Ces organismes peuvent avoir, notamment, pour objet:

L’harmonisation de la politique monétaire, économique et financière;

L’établissement d’unions douanières;

La création de fonds de solidarité;

L’harmonisation de plans de développement;

L’harmonisation de la politique étrangère;

La mise en commun de moyens propres à assurer la défense nationale;

La coordination de l’organisation judiciaire;

La coopération en matière d’enseignement supérieur;

La coopération et coordination sanitaires;

L’harmonisation des règles concernent le statut de la Fonction Publique et le droit du travail;

La coordination des transports, des communications et des télécommunications.

TITRE XII: DE LA RÉVISION

ARTICLE 71 

L’initiative de la révision de la constitution appartient au Président de la République et aux membres de l’Assemblée nationale.

ARTICLE 72 

Pour être pris en considération, le projet ou la proposition de révision doit être voté à la majorité des trois quarts des membres composant l’Assemblée Nationale.

La révision n’est acquise qu’après avoir été approuvée par référendum sauf si le projet ou la proposition en cause a été approuvé à la majorité des quatre cinquièmes des membres composant l’Assemblée Nationale.

ARTICLE 73 

Aucune procédure de révision ne peut être engagée ou poursuivie lorsqu’il est porté atteinte à l’intégrité du territoire.

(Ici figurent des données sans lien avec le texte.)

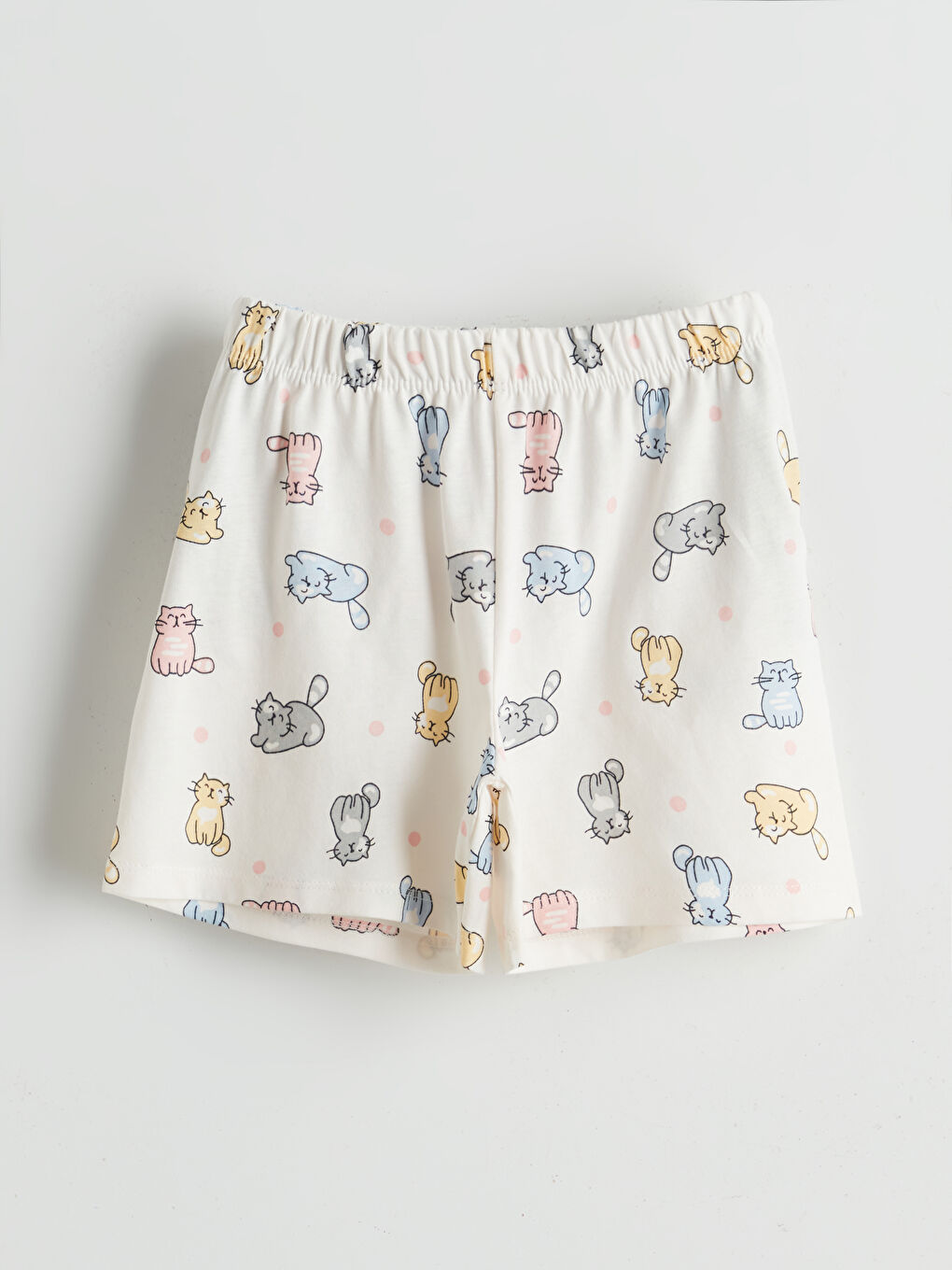Ekru Beli Lastikli Kedi Baskılı Kız Çocuk Pijama Alt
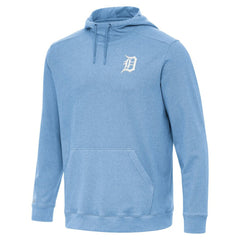 Detroit Tigers Antigua Cloud Pullover Hoodie - Heather Powder Blue Hoodies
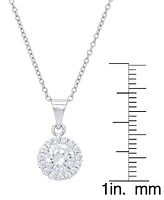 Cubic Zirconia Round Pendant 18" Silver Plate Necklace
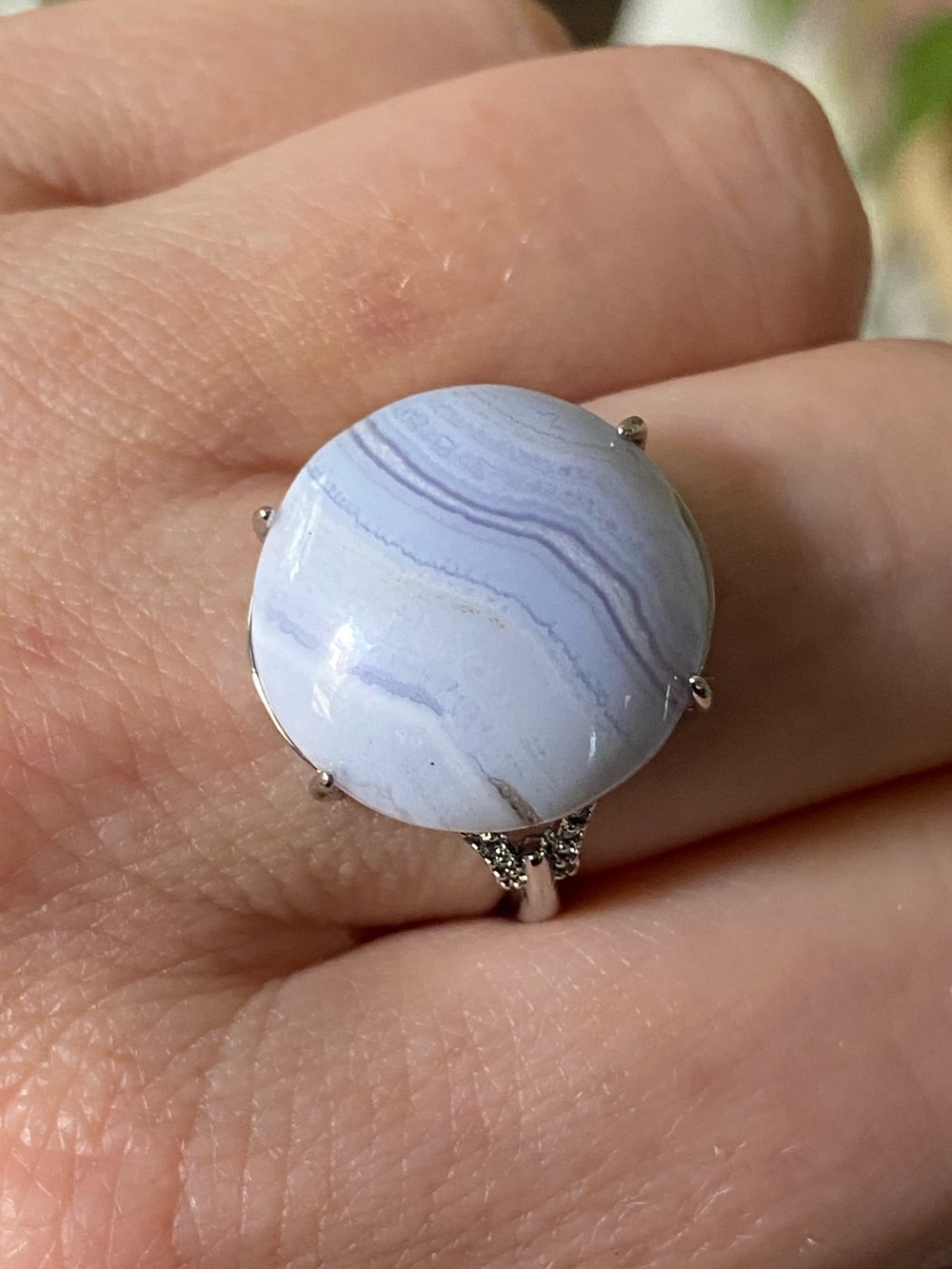 Blue Lace Agate  Adjustable Ring- Elegant Women's Jewelry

La forme républicaine du Gouvernement ne peut faire l’objet d’une révision.

TITRE XIII: DISPOSITIONS GENERALES ET DISPOSITIONS TRANSITOIRES

ARTICLE 74 

Les dispositions nécessaires à l’application de la présente Constitution feront l’objet de lois par l’Assemblée Nationale.

Le Président de la République devra entrer en fonction et l’Assemblée Nationale se réunira au plus tard à la date du 12 décembre 1960.

ARTICLE 75 

Le Président de la République continueront d’exercer leurs fonctions et les institutions actuelles seront maintenues jusqu’à la mise en place des autorités et institutions nouvelles.

ARTICLE 76 

La législation actuellement en vigueur en Côte d’Ivoire reste applicable, sauf l’intervention de textes nouveaux en ce qu’elle n’a rien de contraire à la présente Constitution.